2006 Ct. Sup. 15724
No. FA-05-4101858SConnecticut Superior Court Judicial District of Waterbury Middlesex Regional Family Trial Docket at Middletown
August 28, 2006
MEMORANDUM OF DECISION
ELIZABETH A. BOZZUTO, JUDGE.
This is an action for dissolution of marriage brought by way of writ, summons and complaint dated April 4, 2005, right on the heels of the plaintiff’s application pursuant to C.G.S. § 46b-15
for “relief from abuse,” always a bad way to start a dissolution action. In any event, both parties appeared through counsel[1] and the matter was claimed to the fully contested trial list on or about December 7, 2005. The matter was thereafter referred to the Regional Family Trial docket at Middletown Superior Court.
On February 14, 2006, the parties resolved all issues of custody and visitation relative to the two minor children. With the parties unable to resolve the financial issues subject of this litigation, and after a mistrial at the regional family trial docket at Middletown Superior court,[2] the matter was referred to this court for trial.

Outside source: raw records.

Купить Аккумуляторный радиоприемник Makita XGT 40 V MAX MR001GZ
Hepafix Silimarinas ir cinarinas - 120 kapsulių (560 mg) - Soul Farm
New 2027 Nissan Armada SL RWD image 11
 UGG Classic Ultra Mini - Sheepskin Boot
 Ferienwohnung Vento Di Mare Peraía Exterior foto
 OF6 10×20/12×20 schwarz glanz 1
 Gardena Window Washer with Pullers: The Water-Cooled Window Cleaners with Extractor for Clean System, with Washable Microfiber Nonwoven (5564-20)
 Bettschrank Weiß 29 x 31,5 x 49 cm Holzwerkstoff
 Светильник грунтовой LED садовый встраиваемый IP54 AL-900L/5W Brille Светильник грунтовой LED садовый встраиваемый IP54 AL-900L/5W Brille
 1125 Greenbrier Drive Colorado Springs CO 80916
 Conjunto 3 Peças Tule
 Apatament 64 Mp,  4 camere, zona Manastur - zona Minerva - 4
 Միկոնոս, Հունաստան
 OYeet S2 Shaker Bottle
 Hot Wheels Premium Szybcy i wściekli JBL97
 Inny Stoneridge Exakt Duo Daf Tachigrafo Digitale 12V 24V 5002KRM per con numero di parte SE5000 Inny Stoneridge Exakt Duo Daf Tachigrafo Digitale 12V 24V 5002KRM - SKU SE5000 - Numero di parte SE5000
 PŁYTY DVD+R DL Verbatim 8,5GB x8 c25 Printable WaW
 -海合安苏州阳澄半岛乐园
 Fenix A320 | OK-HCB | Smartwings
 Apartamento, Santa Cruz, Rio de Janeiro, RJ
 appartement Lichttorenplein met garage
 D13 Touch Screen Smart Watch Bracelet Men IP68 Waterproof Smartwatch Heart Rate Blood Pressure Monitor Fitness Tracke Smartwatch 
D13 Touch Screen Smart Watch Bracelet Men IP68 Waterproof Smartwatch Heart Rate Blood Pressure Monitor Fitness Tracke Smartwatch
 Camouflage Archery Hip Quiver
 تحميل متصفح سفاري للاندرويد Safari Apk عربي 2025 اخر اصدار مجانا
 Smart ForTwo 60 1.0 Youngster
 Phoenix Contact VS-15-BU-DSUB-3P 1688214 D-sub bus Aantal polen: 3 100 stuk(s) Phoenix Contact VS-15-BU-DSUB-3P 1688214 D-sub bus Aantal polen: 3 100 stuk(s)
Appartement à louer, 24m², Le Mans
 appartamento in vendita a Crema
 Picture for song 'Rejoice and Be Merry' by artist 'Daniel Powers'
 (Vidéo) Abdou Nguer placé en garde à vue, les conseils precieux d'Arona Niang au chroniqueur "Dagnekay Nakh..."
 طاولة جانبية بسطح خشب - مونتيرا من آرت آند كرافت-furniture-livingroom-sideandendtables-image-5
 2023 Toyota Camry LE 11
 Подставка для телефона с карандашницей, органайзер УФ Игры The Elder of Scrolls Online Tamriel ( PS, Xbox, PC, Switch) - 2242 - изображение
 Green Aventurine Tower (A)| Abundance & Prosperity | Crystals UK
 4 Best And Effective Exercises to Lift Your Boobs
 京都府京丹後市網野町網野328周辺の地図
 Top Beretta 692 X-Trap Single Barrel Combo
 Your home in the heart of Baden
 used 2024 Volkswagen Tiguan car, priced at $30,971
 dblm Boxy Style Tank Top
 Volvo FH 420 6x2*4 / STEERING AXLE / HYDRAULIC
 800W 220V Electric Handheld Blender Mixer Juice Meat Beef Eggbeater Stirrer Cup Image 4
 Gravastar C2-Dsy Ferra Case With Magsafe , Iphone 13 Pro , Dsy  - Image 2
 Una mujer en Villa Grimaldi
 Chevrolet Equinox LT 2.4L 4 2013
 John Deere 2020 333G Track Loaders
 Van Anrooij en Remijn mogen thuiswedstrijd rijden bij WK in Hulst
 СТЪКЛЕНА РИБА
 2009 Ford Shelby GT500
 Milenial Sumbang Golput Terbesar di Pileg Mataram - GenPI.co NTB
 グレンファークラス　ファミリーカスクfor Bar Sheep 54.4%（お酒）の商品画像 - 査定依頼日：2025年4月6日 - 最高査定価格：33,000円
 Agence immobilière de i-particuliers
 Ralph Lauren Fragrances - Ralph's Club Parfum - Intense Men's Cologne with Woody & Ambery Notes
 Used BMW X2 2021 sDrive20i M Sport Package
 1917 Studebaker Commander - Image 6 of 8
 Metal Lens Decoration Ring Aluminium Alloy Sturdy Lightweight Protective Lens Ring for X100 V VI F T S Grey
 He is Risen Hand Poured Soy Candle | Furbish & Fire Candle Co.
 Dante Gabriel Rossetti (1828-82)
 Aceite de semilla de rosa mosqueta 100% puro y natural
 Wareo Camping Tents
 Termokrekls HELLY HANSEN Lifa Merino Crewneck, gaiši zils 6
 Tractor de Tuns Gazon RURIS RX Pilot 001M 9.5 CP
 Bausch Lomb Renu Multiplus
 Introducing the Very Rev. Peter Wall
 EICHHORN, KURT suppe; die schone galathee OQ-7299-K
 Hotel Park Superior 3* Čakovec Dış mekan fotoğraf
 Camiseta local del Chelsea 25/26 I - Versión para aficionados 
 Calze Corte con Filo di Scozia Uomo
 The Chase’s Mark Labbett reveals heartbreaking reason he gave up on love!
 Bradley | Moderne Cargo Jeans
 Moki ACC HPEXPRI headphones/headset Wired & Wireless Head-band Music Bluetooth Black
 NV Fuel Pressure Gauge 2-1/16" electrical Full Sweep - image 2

Most of the testimony offered during the course of this multi-day trial revolved around a singular event which occurred on March 21, 2005, the same incident subject of the above-referenced § 46b-15 application. It would appear to this court that the facts surrounding this event have been and continue to be not only hotly disputed but a lightening rod for this litigation. If the court didn’t know better, one would think that the plaintiff consumed her case with the allegations of assault to justify her position relative to custody and the resulting attorneys fees incurred in this case and the defendant tried the case in an effort to portray the plaintiff as someone who embellishes in an effort to distance the children from the defendant or otherwise prolong this litigation, which resulted in the unnecessary accumulation of attorneys fees. CT Page 15725 In any event given the testimony, or actually lack thereof as it pertains to the defendant,[3] this court has no doubt that the defendant struck the plaintiff on March 21, 2005, as well as on at least one prior occasion. In addition, this court also has no doubt that the assault of March 21, 2005 was not a 15-minute pummeling as the plaintiff would have this court believe.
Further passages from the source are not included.